**Problem to solve:**
Retype the following records exactly and exclude the pictures.

═════ Entries shown ═════

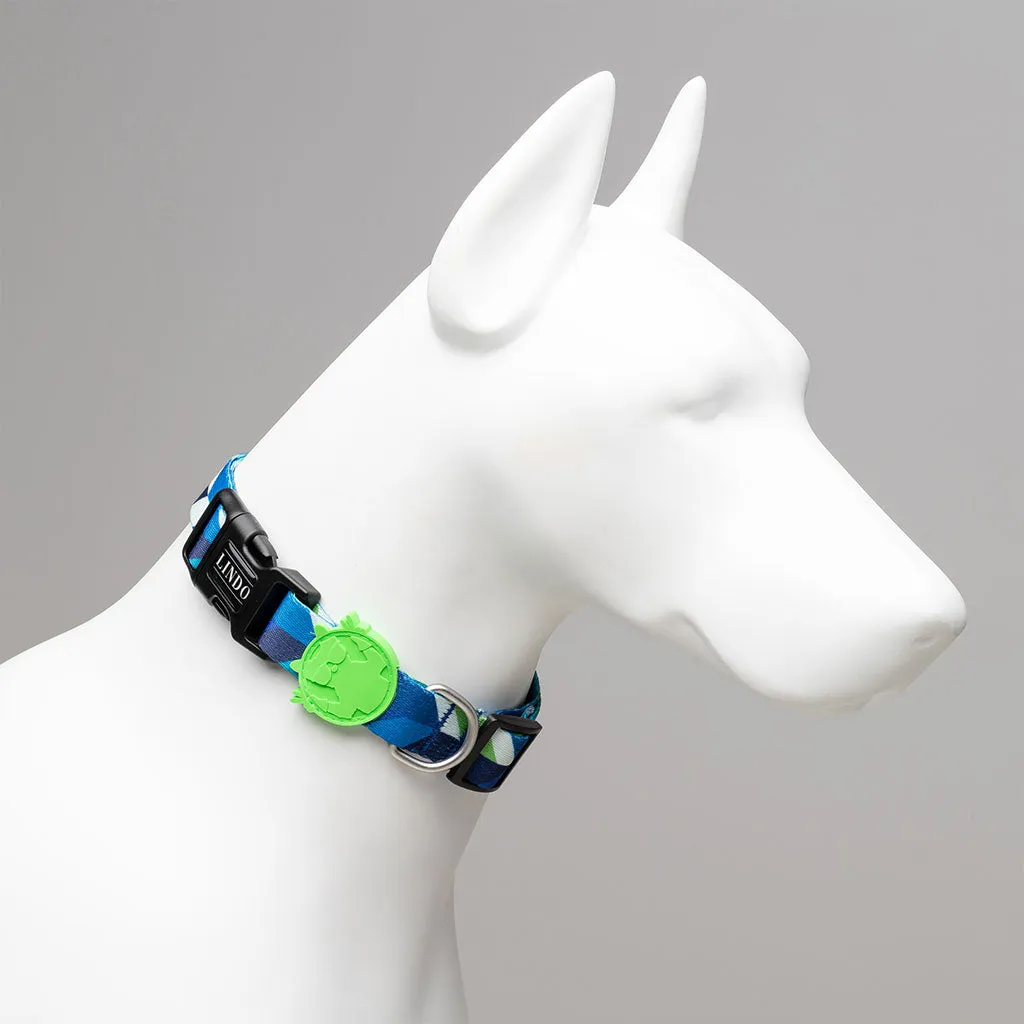 Collar Blue Dream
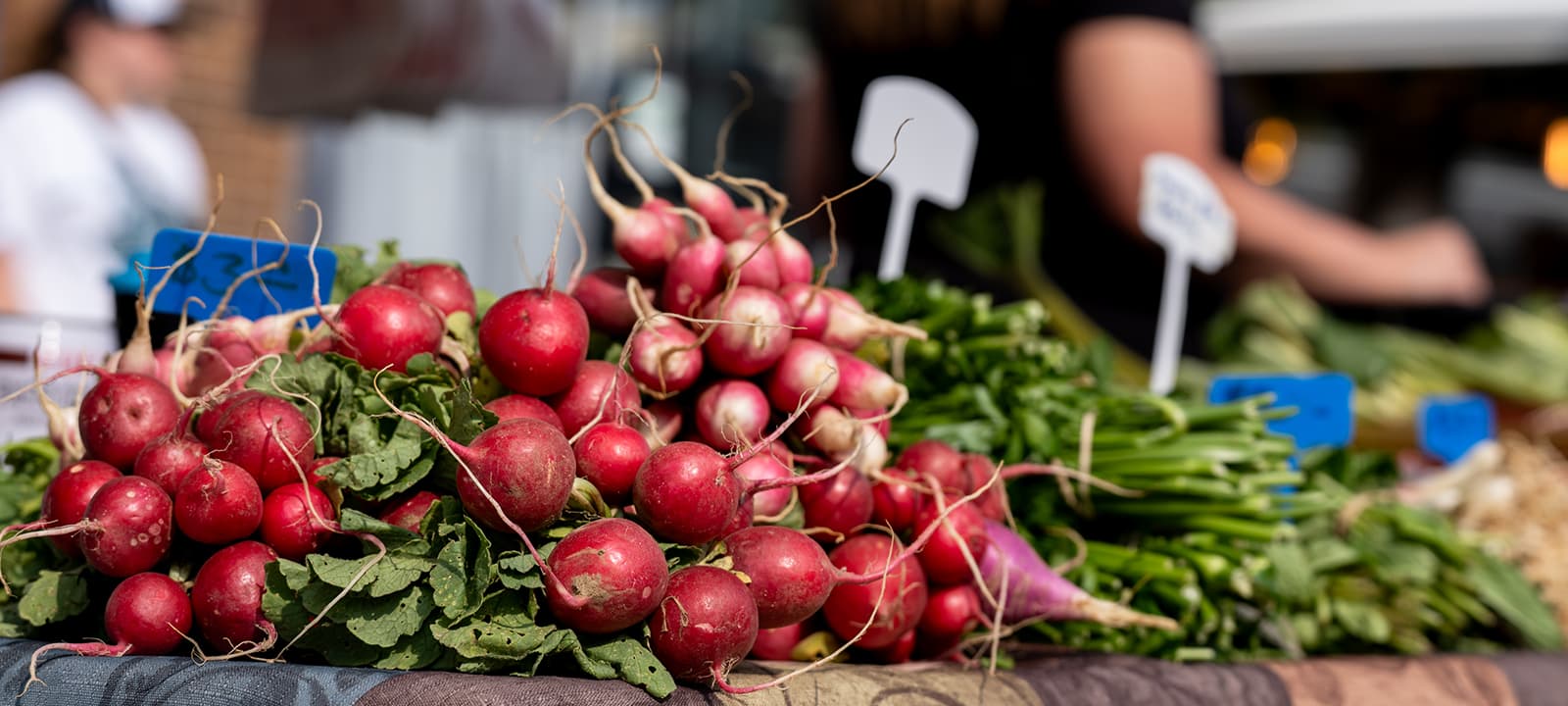 Vwb Banner Photos Farmers Market
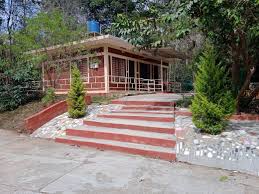 Sterling Wayanad, Harrassment to Max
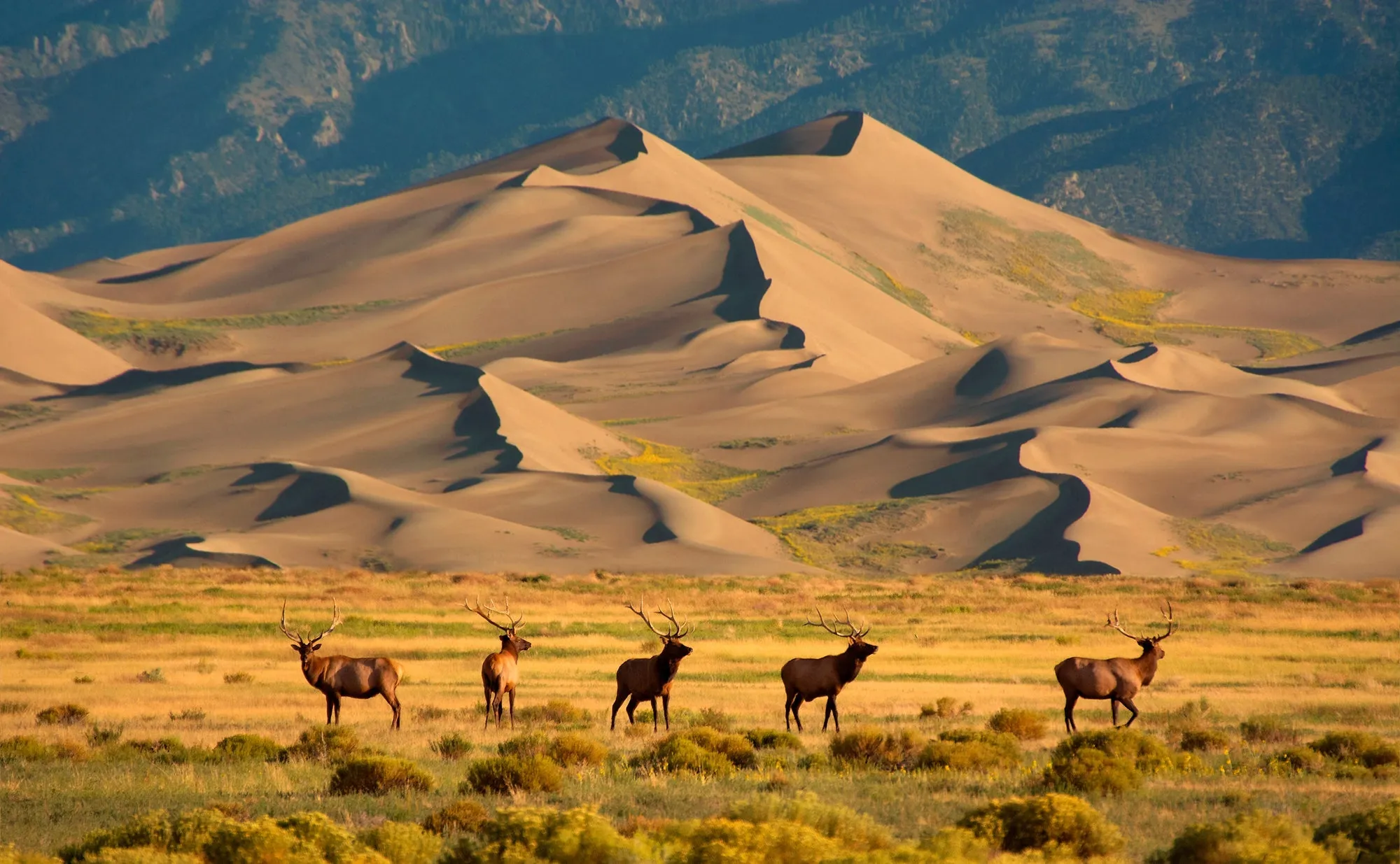 Gestalten - The Parklands - Trails and Secrets from the National Parks of the United States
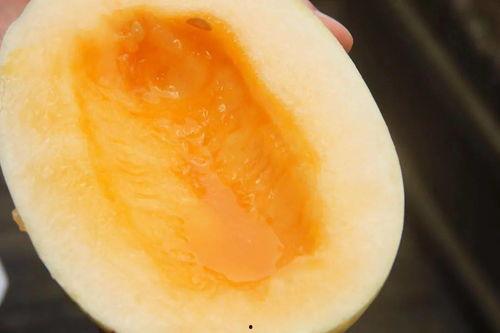 潮州趣味吃瓜,一场舌尖上的民俗盛宴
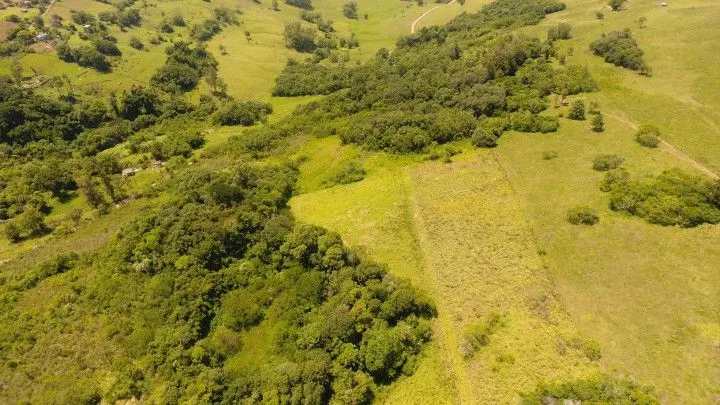 Sítio à venda de 6 ha em Santo Antônio da Patrulha, RS, Brasil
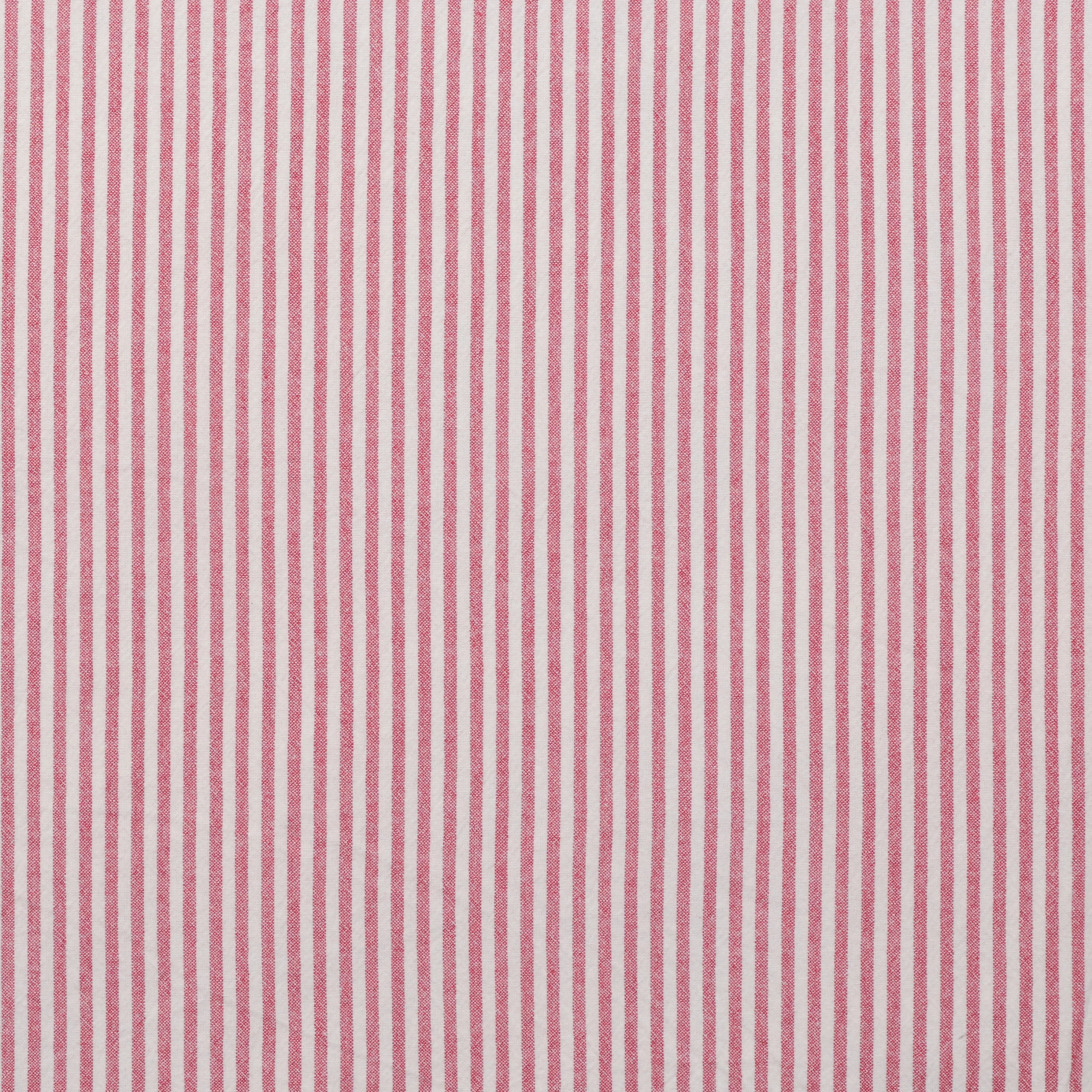 Organic Cotton - Stripe - Assorted - Image 3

═════

**Response area:**
 Collar Blue Dream
 Vwb Banner Photos Farmers Market
 Sterling Wayanad, Harrassment to Max
 Gestalten - The Parklands - Trails and Secrets from the National Parks of the United States
 潮州趣味吃瓜,一场舌尖上的民俗盛宴
 Sítio à venda de 6 ha em Santo Antônio da Patrulha, RS, Brasil
 Organic Cotton - Stripe - Assorted - Image 3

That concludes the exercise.